Each stall was specialized. I would have to go to five, sometimes, six stalls to get all the ingredients for one dish. One for chicken and beef. A couple for vegetables and herbs. One for shrimp paste. A store just for coconut. Everything was as fresh as they can be.

Many of my clearest childhood memories are from that wet market. The sound of cleaver severing meat from bones. The bright saffron color of monks’ robes. The scent of coconut meat going through the grinder. I can still smell it. Creamy and earthy, with a tinge of burnt wood.

Curry was one of my grandmother’s staple dishes.

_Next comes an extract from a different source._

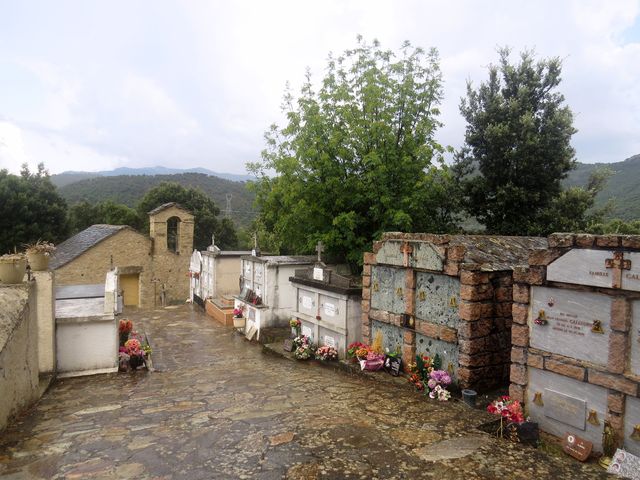 hřbitov u obce Castirla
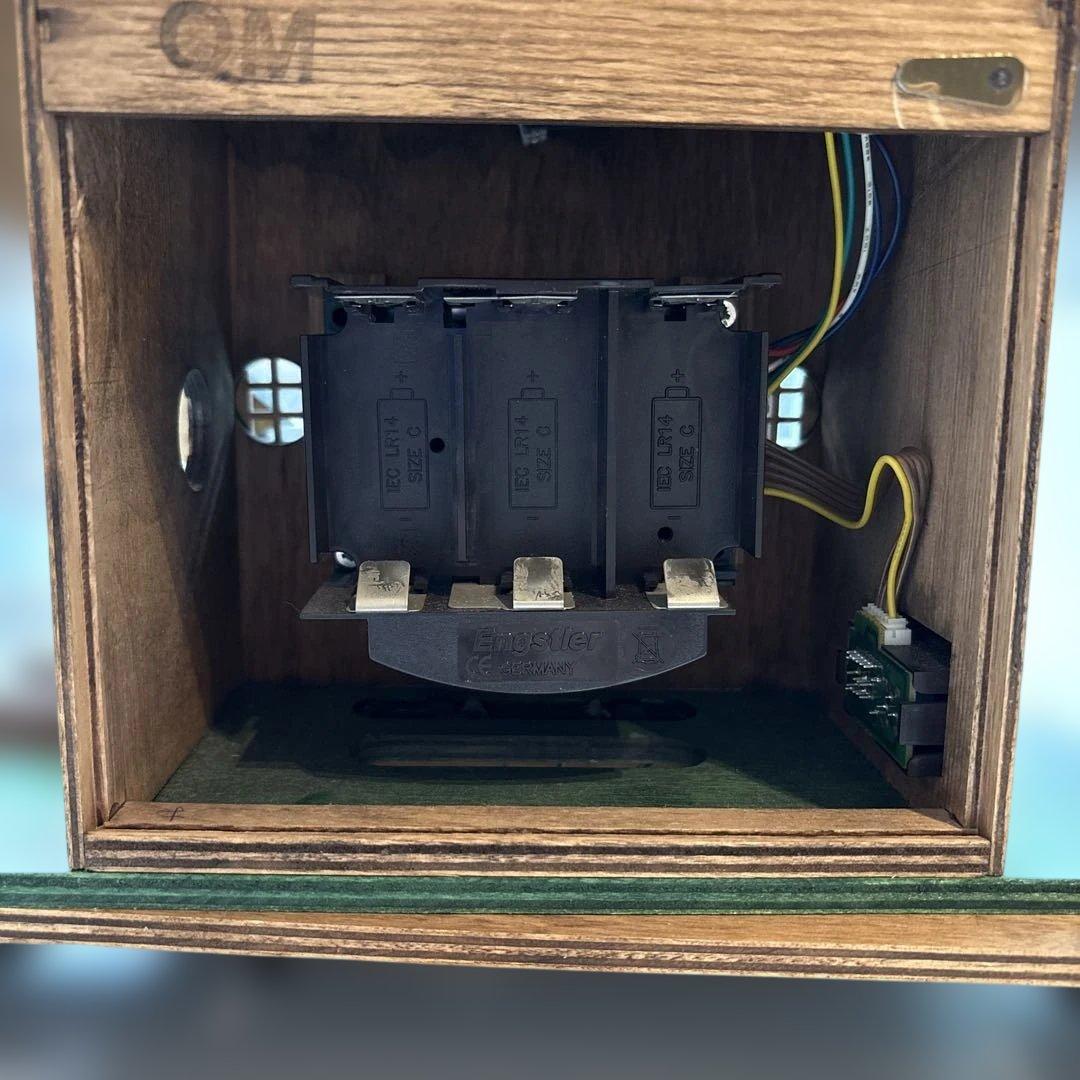 T*A様 鳩時計 からくり時計 オルゴール カッコー時計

To make the curry paste, she would wrap shrimp paste in banana leaf and grill it over an open flame before blending it with a mixture of garlic, shallots, galangal, and chili pepper I had pounded with stone mortar and pestle. For coconut milk, she would massage the ground coconut with water until the liquid turn opaque white. She did not follow instructions from a cookbook. There was none in our house. She cooked with her taste buds and her talented hands.

Despite having spent countless hours in the kitchen as a child, I don’t like to cook. Unlike my grandmother, I don’t have the fortitude nor a lot of time and energy to spend in the kitchen. But I love to eat and I have a good taste palate. So, when duty calls, I go for dishes that are high in flavors and low in fussiness – those that meet the 80/20 Rule. If I can get 80% satisfaction from 20% input, the dish will be a part of my repertoire.

One of my signature dishes is chicken green curry. And it’s pretty awesome. I have shared the recipe with several friends and it has become a staple in their homes as well. It’s not my grandmother’s green curry but you can make it in 20 minutes. I have even made it in 15 minutes under duress.

Without the luxury of a wet market, I use canned coconut milk, curry paste, and bamboo shoots (picture above). They can easily be found at 99 Ranch or Vietnamese market. I highly recommend going during the week. They’re zoos on the weekends.

Ingredients:

  • Cooking oil – 1 Tbs
  • Garlic – minced 3-4 cloves
  • Green curry paste (Mae Ploy brand) – 2 Tbs or more
  • Coconut cream (Mae Ploy brand)
  • Boneless Chicken breast – 1 ½ – 2 lbs chopped into small pieces
  • Fish sauce (Phu Quoc brand if available) – 3 Tbs
  • Chicken broth – ½ can
  • Bamboo shoots (Aroy-D brand in strips) – 1 can drained and rinsed
  • Peas and carrots – ¼ bag frozen
  • Thai eggplants – 10 fresh and quartered (if available)
  • Red bell peppers – 1 sliced into strips
  • Brown sugar – ½ teaspoon
  • 1-2 sprigs Basil leaves and 6 kefir lime leaves – whole leaves (if available)

20 minutes cooking time

In a pot, heat oil and cook garlic until light brown

Add 2 Tbs green curry paste, mix with garlic

Add 1 can of coconut cream, mix thoroughly with curry paste until pale green in color and allow to boil

Add chicken and 2 Tbs fish sauce, reserve the rest to taste

Once boil add ½ can of chicken broth

Add Bamboo shoots, Thai eggplants, peas and carrots

Sprinkle in brown sugar

Taste, then add more curry paste if you want it to be spicier and more fish sauce if you want it to be saltier, or add more chicken broth if you want it to be milder

Add sliced red bell pepper

Let boil once more, then sprinkle with basil leaves and kefir lime leaves

Enjoy!

I’d love to hear your experience in making this dish in the comment section.